Michael West reports on Contactmusic.com that Quentin Tarantino is preparing a "follow-up to Django Unchained," and "almost has a script, which the prolific director has penned himself and plans to develop in 2014."  According to West, the upcoming project will be a western, which may or may not fit the Brown story, except for the Kansas episode.  "During the publicity tour for his last movie," West writes, "Tarantino spoke about making a movie about the abolitionist John Brown, treating him as mythic hero from a western standpoint."  This may be true, but it is also possible that Tarantino is looking at other projects, including an Australian cowboy film or an adaptation of an Elmore Leonard novel.

West reiterates Tarantino's enthusiastic words from a previous interview revealing his warm admiration for Brown and his desire to make a film about the abolitionist.  However, if I recall, Tarantino said he was thinking of doing this somewhat further in the future, perhaps in his later years, and might even consider playing the role of Brown himself.  It may be that the recent appearance of books and the latest accomplishment of the award-winning novelist James McBride has caused Tarantino to move the John Brown project to the front burner.

It remains to be seen whose John Brown film makes it to the screen first. There is no lack of talk on the subject, but it is hardly worth holding one's breath at this point.

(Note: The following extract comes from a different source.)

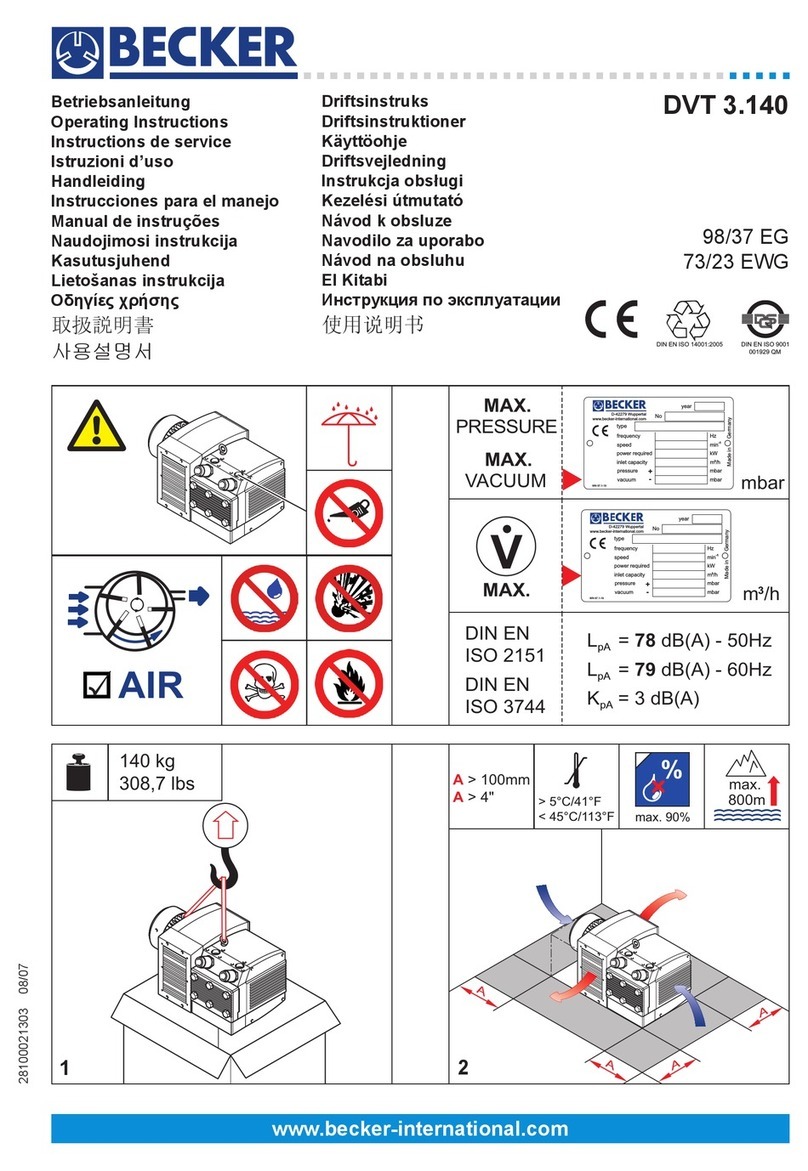 Becker dvt 3.140 User manual Becker dvt 3.140 User manual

Source: Michael West, "Is Quentin Tarantino's Movie About Abolitionist John Brown?" Contactmusic.com, 28 Nov. 2013

James McBride Wins National Book Award for His John Brown Novel

James McBride's The Good Lord Bird, which imagines a teenage slave joining abolitionist John Brown's 1859 raid on Harpers Ferry, won the National Book Award for fiction Wednesday night.  The judges praised McBride for "a voice as comic and original as any we have heard since Mark Twain."

McBride, 56, who hadn't prepared an acceptance speech because he didn't expect to win against the likes of Thomas Pynchon, Jhumpa Lahiri and George Saunders, said, "They are fine writers. But it sure is nice to be here."